Дело в том, что Федя Чернов был самым странным человеческим существом, какое я встречал за всю свою клонящуюся к закату жизнь. Странным и в некотором смысле страшным. До сих пор он предо мною периодически возникает и мучает своей трагикомической безысходностью и мучительной, тупой аллегоричностью.
Федя был, что называется, ростом с ведерко, а казался вообще каким-то сказочным карликом из-за невероятно большой и круглой башки и толстенного слоя жира, покрывавшего все несуразное тело и неуклюжие маленькие конечности. Пропорции его фигуры были в точности как у грудного младенца, вернее, даже как у целлулоидного пупса из «Детского мира», и был бы он просто забавен и трогателен, если бы не лицо.
Лицо и особенно взгляд широко расставленных, круглых и светлых глаз были незабываемы и невыносимы. Описывать это лицо я не буду, моего литературного мастерства на это не станет, скажу только, что для меня оно навсегда осталось кошмаром и наваждением, явлением во плоти абсолютной, чистейшей бессмысленности и небытия.

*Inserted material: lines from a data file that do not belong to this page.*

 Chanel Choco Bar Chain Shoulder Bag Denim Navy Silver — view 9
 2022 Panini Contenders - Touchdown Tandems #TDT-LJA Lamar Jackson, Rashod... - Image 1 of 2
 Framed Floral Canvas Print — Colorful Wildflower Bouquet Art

Он не был клиническим идиотом — закончил ведь десятилетку и военкоматскую комиссию прошел, и потом, когда стала окончательно понятна его непригодность к воинской службе, начальство, как ни старалось, не смогло его комиссовать, но такую непробиваемую и безмятежную тупость я больше нигде и никогда не встречал.
Он, в отличие от меня, намеревался быть хорошим советским солдатом, служить по уставу, чтобы завоевать честь и славу, стать отличником боевой и политической подготовки, но руки его, по уверениям сослуживцев, росли из жопы, а головной мозг, судя по всему, был таким же рыхлым, медлительным и безнадежным, как и жирная плоть.

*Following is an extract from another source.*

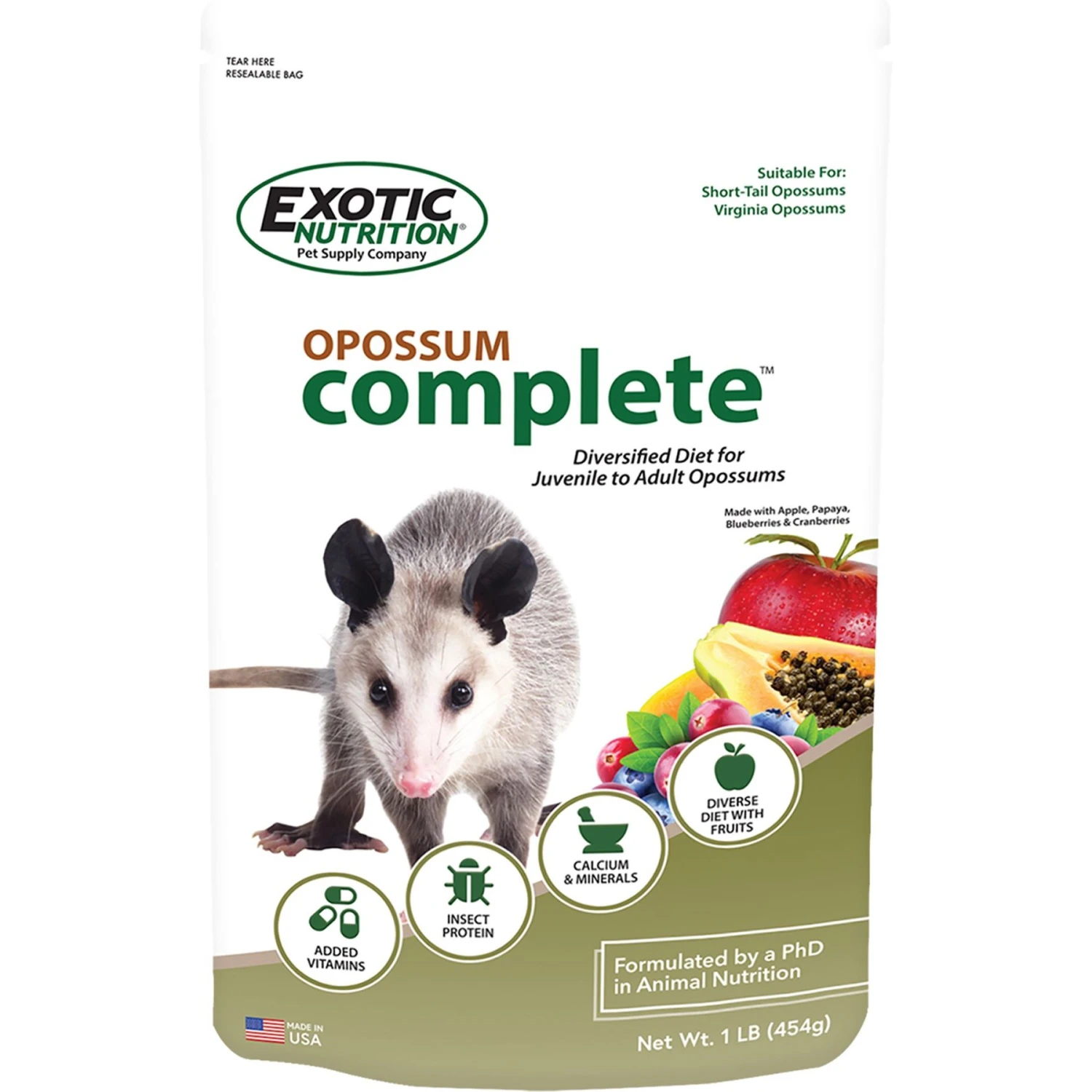 Exotic Nutrition Opossum Complete Opossum Food, 1-lb Bag 1 Exotic Nutrition Opossum Complete Opossum Food, 1-lb Bag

Он еще в карантине прославился на весь гарнизон своим невероятным обликом и тем, что долгое время ходил в тапочках, даже на строевых занятиях. Дело в том, что кирзовых сапог подходящего лилипутского размера в наличии не имелось, а когда все-таки откуда-то пару этой мальчуковой обуви достали, оказалось, что голенища не налазят на толстые Федины икры.

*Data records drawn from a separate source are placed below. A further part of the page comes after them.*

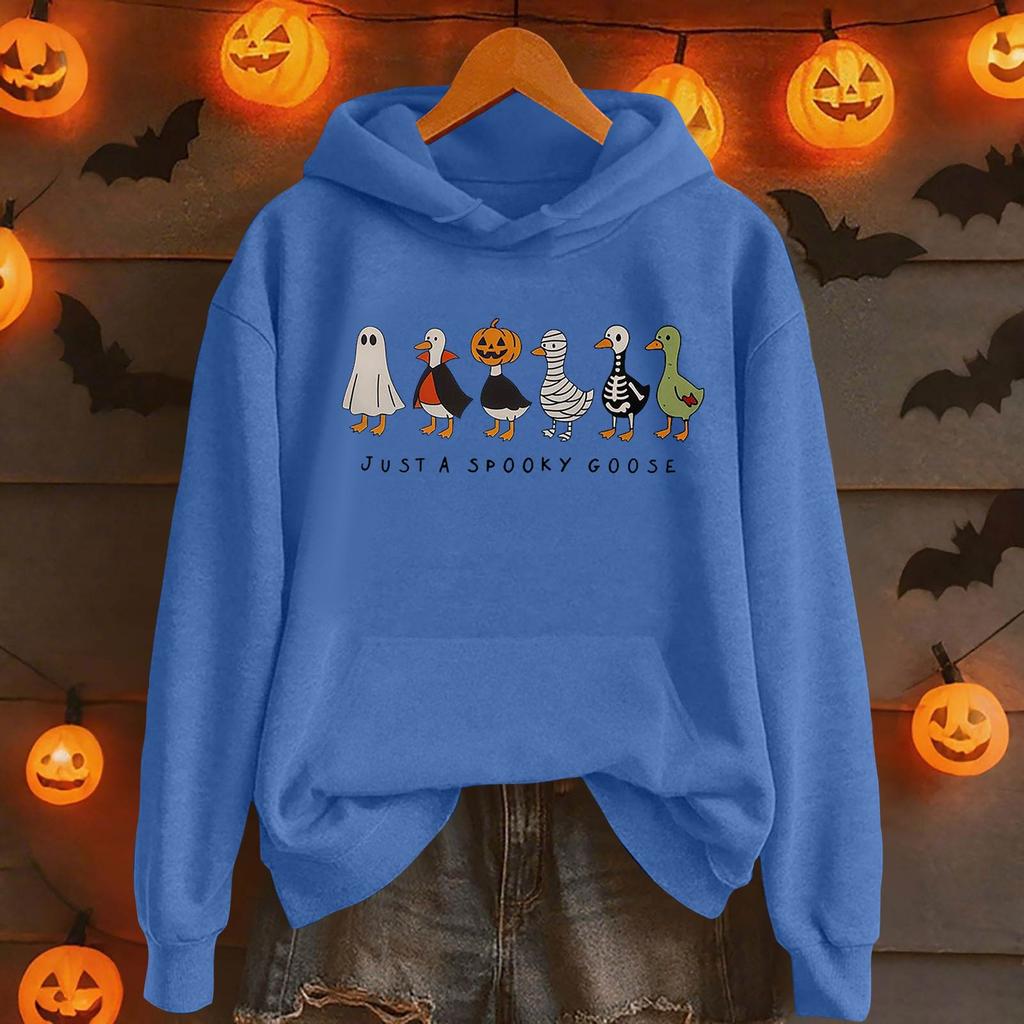 Damemote Casual Langermet trykt Rundhals hettegenser Pullover Topp med lommer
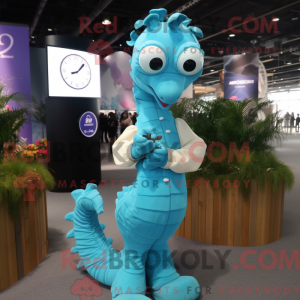 Máscara Cyan Seahorse com...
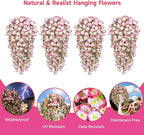 Artificial Hanging Flowers for Outdoors, 4 PCS 600 Blooms UV Resistant Morning Glory Faux Silk Vines, No-Odor Realistic Fake Plants for Garden Planter Porch Patio Decoration, Pink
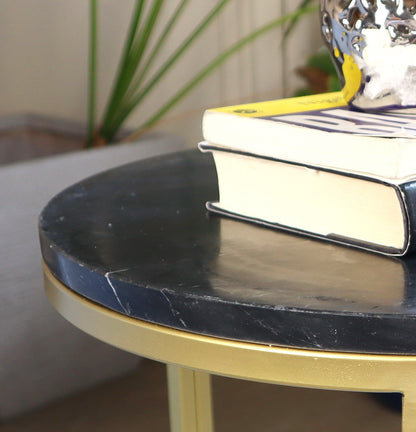Table d'appoint Gabriella, marbre noir 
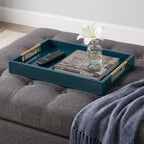 Decorative Serving Tray, Modern Rectangle Wood Tray with Polished Metal Handles, Glossy Finish, 16.5x12 Inch, for Coffee Table, Ottoman (Teal) - Image 3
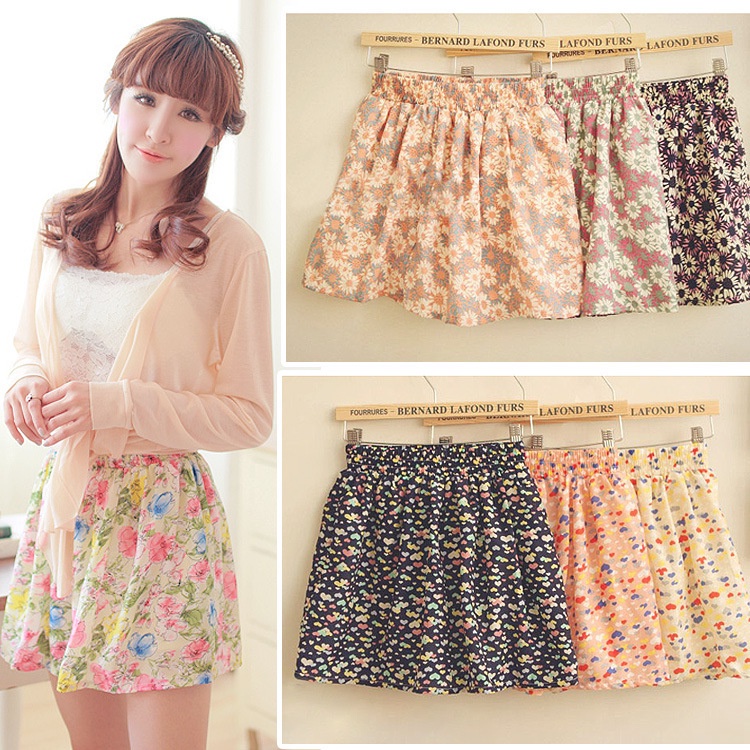 Summer New 2014 Fashion Korean Woman Chiffon skirt Pleated Short Skirts Patterns Printed Women skirt With Belt Free Shipping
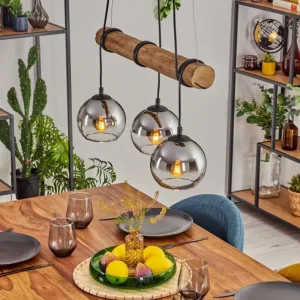 hofstein Koyoto Suspension, Boule lumineuse, Suspension Écru, Noir, 3 lumières* Lampes Modernes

Помню, как после отбоя Федю за плохо натертый пол обрядили в старую шинель и заставили ползать по-пластунски по этому полу, растирая таким образом вонючую мастику, и как было страшно и противно смотреть с верхней койки на эту медленно копошащуюся кучку. Но вообще его довольно скоро перестали припахивать, ведь он не мог справиться ни с одним заданием, поэтому над ним просто издевались.
И вот однажды стою я на тумбочке (на самом деле, конечно, рядом с тумбочкой, но почему-то именно так говорилось о дневальном), борюсь с дремотой и наслаждаюсь тишиной (рота была на обеде или в кино — не помню), и вдруг из умывалки выскакивает совершенно голый и намыленный с головы до пят дед Савельев, проносится, матерясь, в спальное помещение, собирает у вернувшихся с ночного дежурства и спящих бойцов груду фляжек и, воротившись, орет на меня: «Умчался на озеро! Мухой!» От страха я никак не могу понять, чего он от меня хочет.
— Чо, блядь, оглох, чмо ебаное?!
— Ну как я уйду, я же дневальный?
— Не ебет!!
В баню роту водили только раз в неделю, летом этого было уж совсем недостаточно, поэтому мылись из-под кранов в умывалке, а когда Савельев намылился, вдруг отключили воду. Вот он и гнал меня с фляжками на озеро.
Балхаш был совсем рядом, метрах в ста пятидесяти, но ходить туда без офицеров не разрешалось. А офицерам, конечно, было влом устраивать нам купания. За все первое лето был только один случай, когда капитан Довнер отвел нас на солдатский пляж. Да и то минут на двадцать. Старослужащие, конечно, на этот запрет забивали и летом постоянно бегали на озеро, но только ночью. А днем незаметно прокрасться к манящей темно-зеленой воде было почти невозможно.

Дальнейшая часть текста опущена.